Exercise aim
Would you please repeat all of the data exactly, omitting the pictures?

Source material
····················

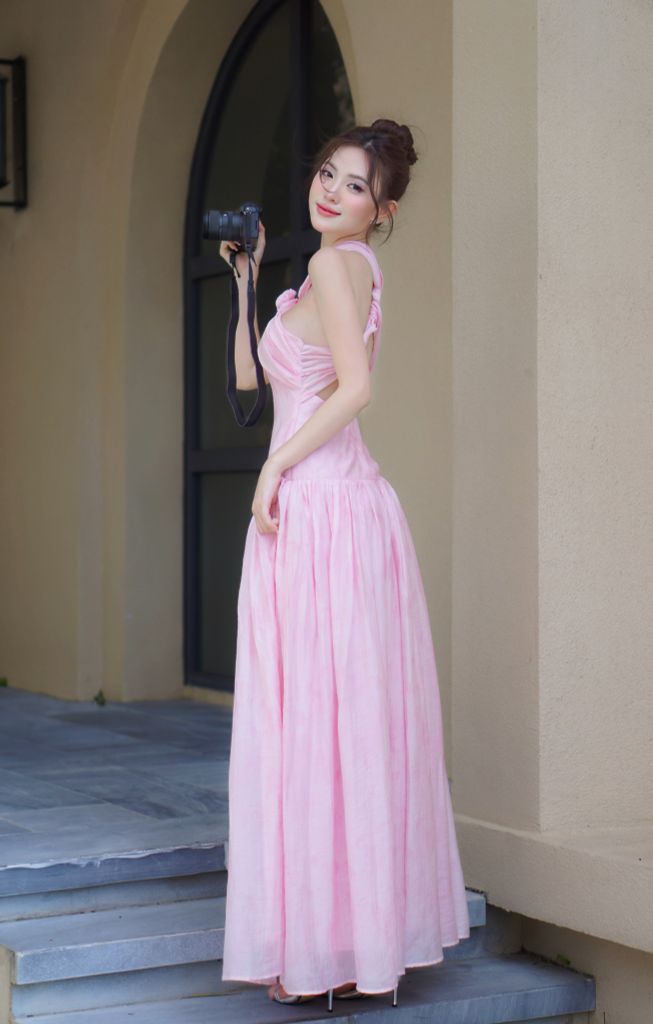 Đầm maxi cổ chéo đính hoa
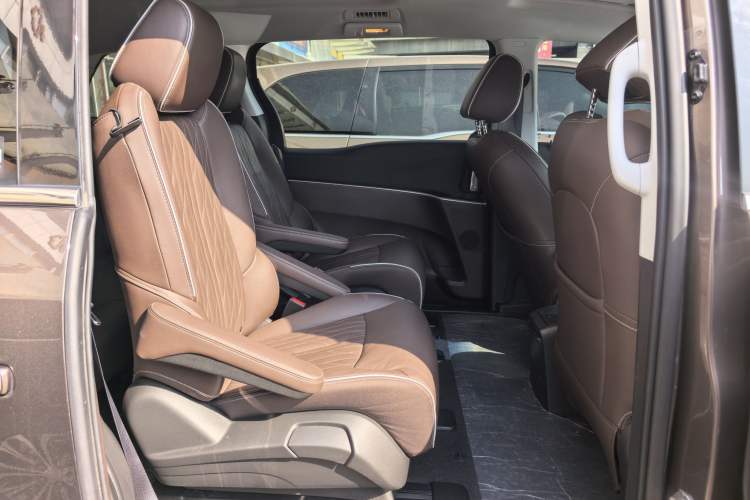 Used Buick GL8 2023 Land Executive Class 652T Luxury Model Interior 3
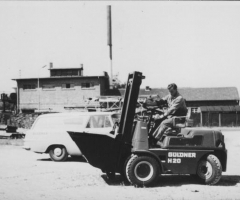 Gueldner_Produktion_Hydrocar_Suffel_im_Leiderer_Hafen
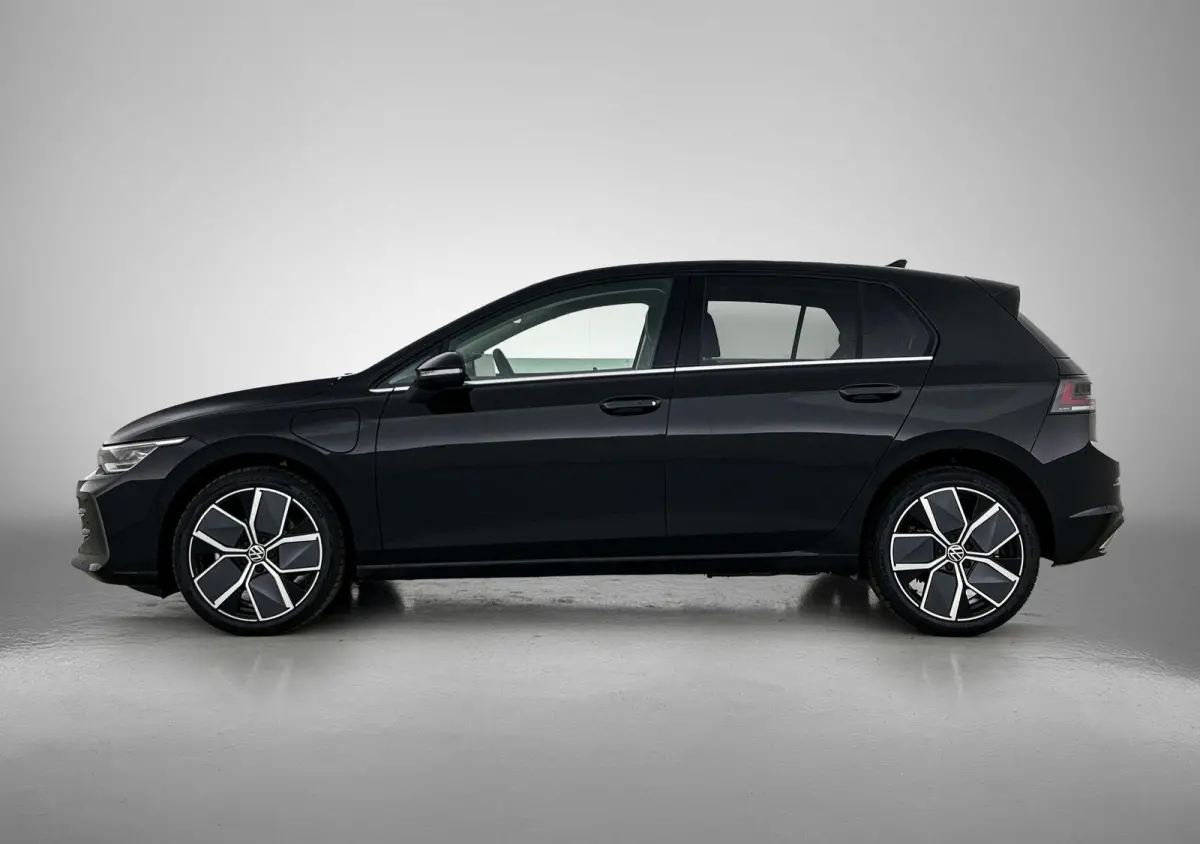 1.5 eHybrid Style Edition 204 PK Plug-in Hybrid | Trekhaak | Panoramadak | Apple Carplay draadloos | Keyless access | Dodehoeksensoren | Ruiten getint | Adaptive cruise control | LED koplamp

····················

Result
 Đầm maxi cổ chéo đính hoa
 Used Buick GL8 2023 Land Executive Class 652T Luxury Model Interior 3
 Gueldner_Produktion_Hydrocar_Suffel_im_Leiderer_Hafen
 1.5 eHybrid Style Edition 204 PK Plug-in Hybrid | Trekhaak | Panoramadak | Apple Carplay draadloos | Keyless access | Dodehoeksensoren | Ruiten getint | Adaptive cruise control | LED koplamp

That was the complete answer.